Heytea's Tmall flagship store launched in March 2020, and its JD self-operated flagship store launched in July 2020. In 2021, Heytea began placing sparkling-water products widely in convenience stores such as 7-Eleven and FamilyMart, pushing both online and offline retail channels.
FoodBud made a speculative comparison with Genki Forest. Because Genki Forest had strong capability in sparkling-water retail products and distribution, FoodBud imagined an endgame similar to Starbucks and Nestle: Heytea could sell its retail business to Genki Forest, collect brand fees, and let Genki Forest handle non-store distribution. FoodBud noted that Heytea and Genki Forest shared Sequoia Capital as an investor, which might not be decisive but could create room for some facilitation.
Beyond tea-drink investments and retailization, Heytea continued to invest in adjacent beverages: Seesaw Coffee, Wild Plant YePlant, and low-alcohol brand WAT.
Public materials did not disclose how much Heytea invested in YePlant or WAT. For Seesaw, FoodBud estimated based on public data: when Baitou invested in Seesaw, it contributed RMB 45 million at a valuation of RMB 180 million. Four years later, the valuation had risen by more than 6 times, implying more than RMB 1.08 billion. If Heytea entered for 5% at a valuation of about RMB 1.1 billion, the investment would be about RMB 55 million. Seesaw's revenue was RMB 74.6 million in 2019 and RMB 71.1 million in 2020, implying a roughly 15x price-to-sales multiple at an RMB 1.1 billion valuation.
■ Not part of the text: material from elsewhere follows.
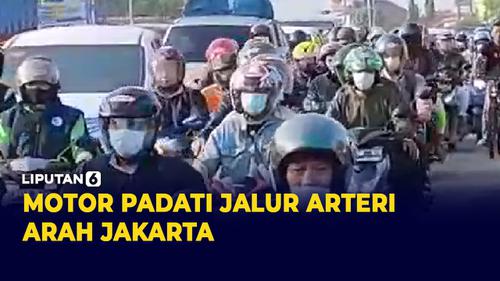 VIDEO: Ribuan Pemudik Motor masih Padati Jalur Arteri arah Jakarta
FoodBud saw coffee, especially offline coffee-store businesses, as worth longer-term investment by Heytea.
For Wild Plant YePlant, its founder was also the founder of Minority Coffee. The company also had its own coffee roasting factory and coffee-bean brand, Torch Coffee. FoodBud suggested that Torch Coffee's brand philosophy may have made it less suited to heavy commercialization, while oat milk and other plant-based products offered a more commercial path.
YePlant externally claimed it had become China's second-largest B2B oat-milk supplier. FoodBud expected a normal extension from oat milk into coconut milk, especially because Heytea would prefer this part of the supply chain to be controlled by partners.
For low-alcohol drinks, FoodBud said it remained to be seen whether Heytea's investment would develop into retailized products or into experiments such as daytime coffee and milk tea with nighttime bar formats.
Note: all financing, valuation, IPO/listing, stake, and forward-looking figures above are historical as of the original November 13, 2021 article.